I have a Bluetooth headphone, and a set of pretty decent speakers both connected on my desktop computer. I use the speakers when I need background music, and will put on my headphone when I need to screen out the surround sounds to get more concentrated on my work. In Windows 10, it makes this back-and-force switch a lot easier.
Here is how you can do it too if needed.
Click the speaker icon in the system tray and the little up arrow
A list of available sound playback devices pops up.
Simply click the one you want to play your music, and the sound gets switched over right after. It’s simple like that.
Note that there are four playback devices listed in the screenshot above. But only two of them are connected to a physical device and usable. Is there any way to only display the usable devices and hide the inactive ones in the list?
Right-click the speaker icon and choose Playback devices.
The Sound dialog box pops up, from where you can right-click the device you don’t want them to display and choose Disable.

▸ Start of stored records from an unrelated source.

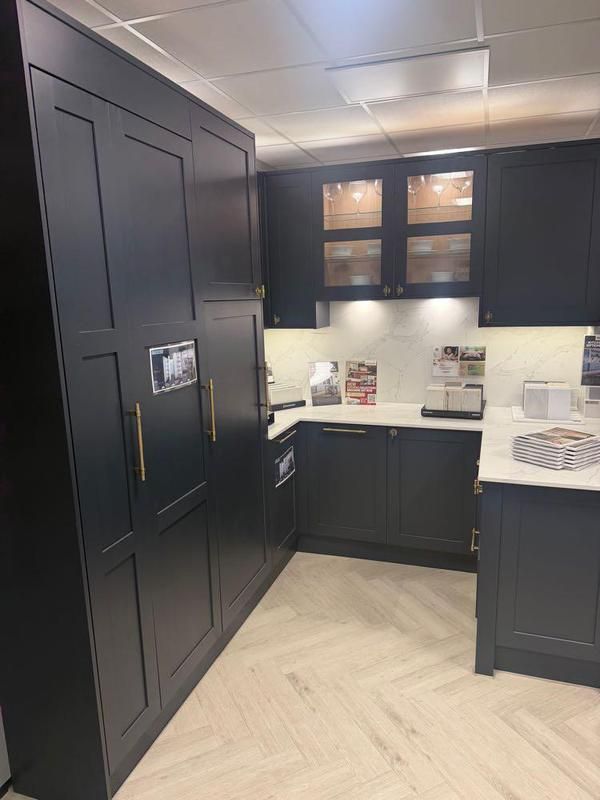 Dark shaker showroom display with glazed wall units and herringbone floor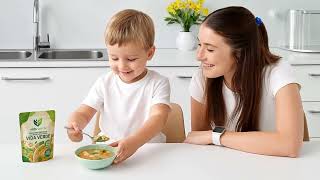Cocina moderna y luminosa, mamá influencer sentada en mesa con hijo pequeño, mamá sirve sopa saludab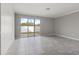 Bright, open living area with sliding glass doors leading to the backyard at 7055 Summer Holly Pl, Riverview, FL 33578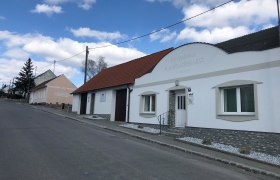 Straße mit Ferienhaus Kuckucksnest und blauen Himmel.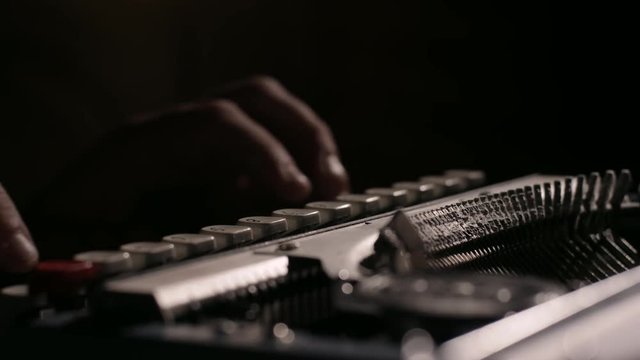 Extreme close up of hands typing on an old dusty vintage typewriter in slow motion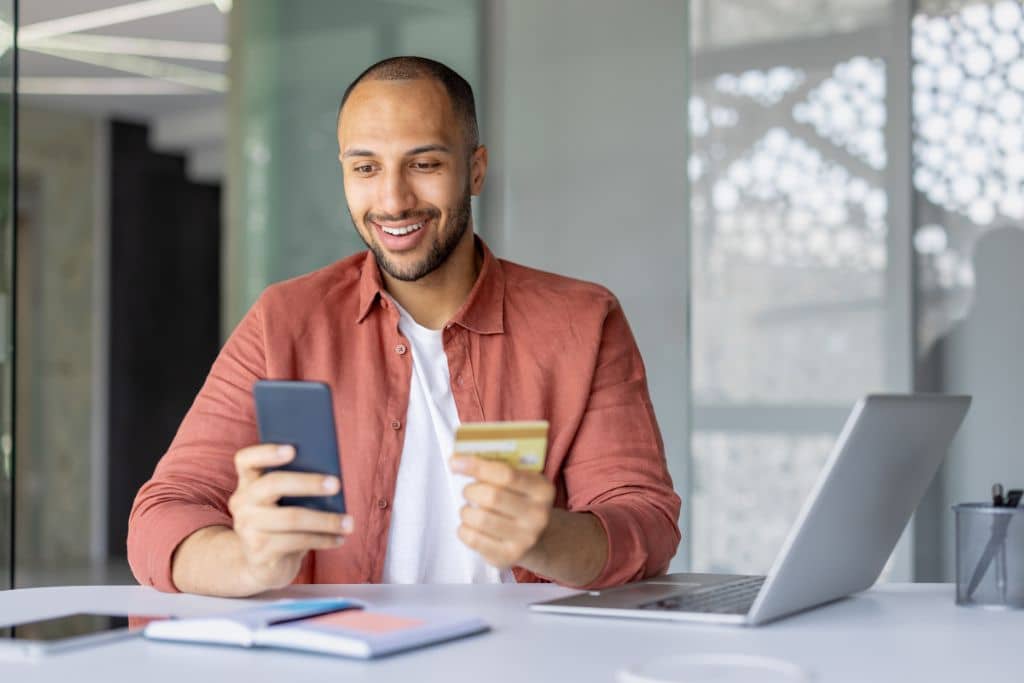 Article régulateurs et assurance des dépôts - Un entrepreneur utilise sa carte de crédit pour une transaction numérique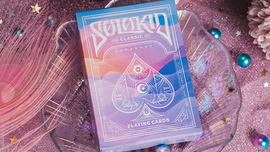 A beautifully designed deck of Solokid Rainbow Dream Playing Cards from Kings Wild. The box features an artistic blend of colors with a mystical card symbol on the front, set against a shimmering pink background, surrounded by decorative elements like stars and beads.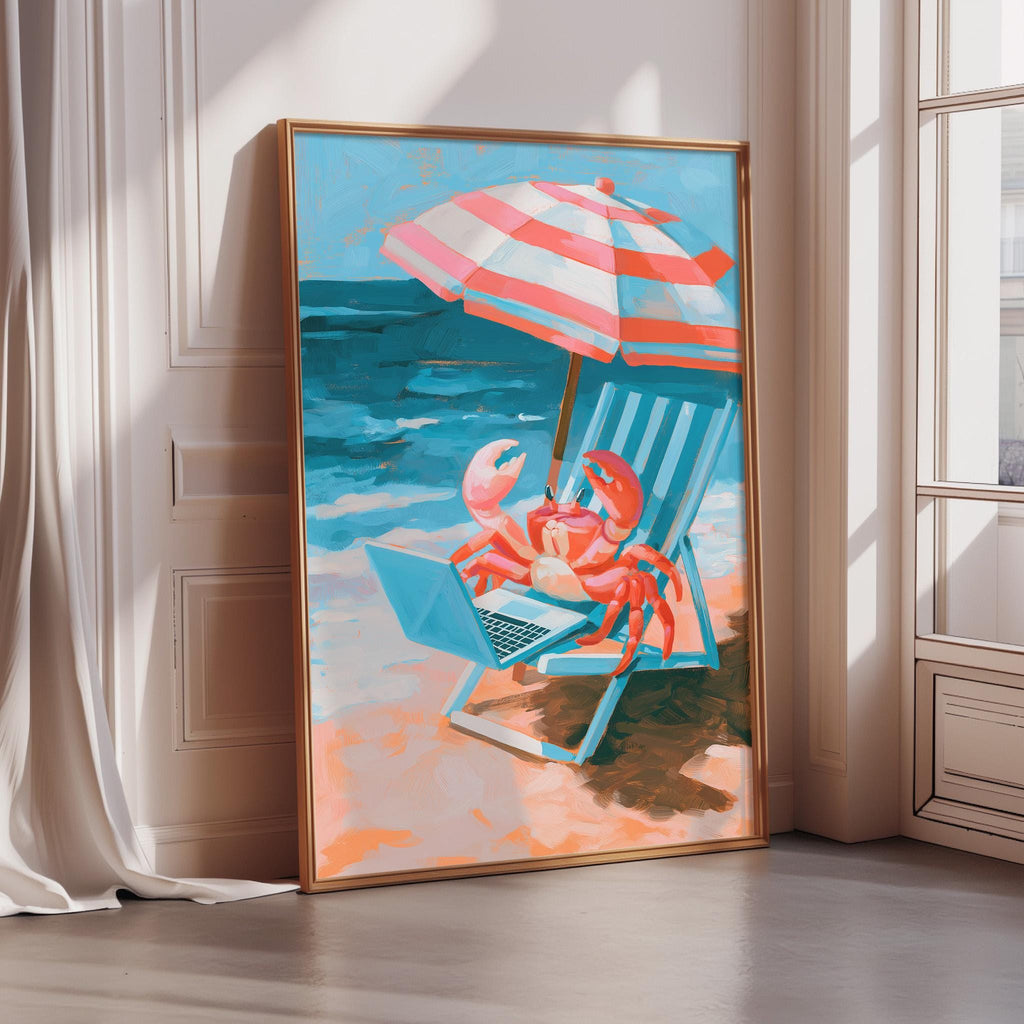 A framed painting depicting a crab sitting in a beach chair under an umbrella, with a laptop on the chair's surface.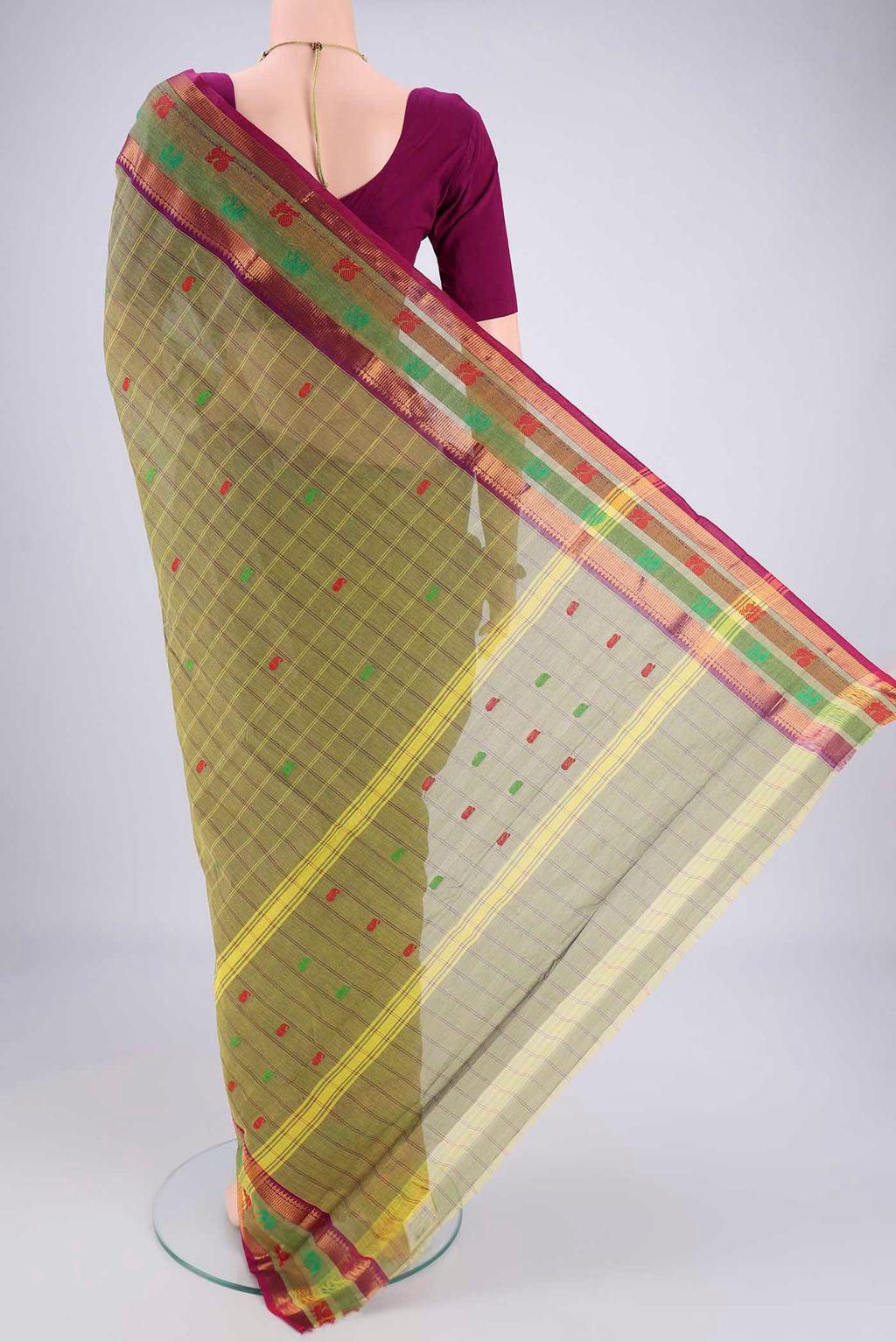 Flat view of Mehandi Green Kanchi Cotton Saree with Checked design on the body and Temple Border.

The disabled devices will be hidden from the playback list from the system tray. Now the list is much cleaner and easy to use.
Thanks Kent, I’ve never noticed that arrow.
I’ve been using SoundSwitch (see github) to accomplish the same thing. The two main benefits being able to select which sound devices appear in the list without disabling them in Windows, and being able to also switch your Recording Device.
What I hate is that we still can’t select a specific “default” sound device for each app. I’m switching several times a day.
Thanks. Yes, it would be nice that the sound device can be set separately for the apps.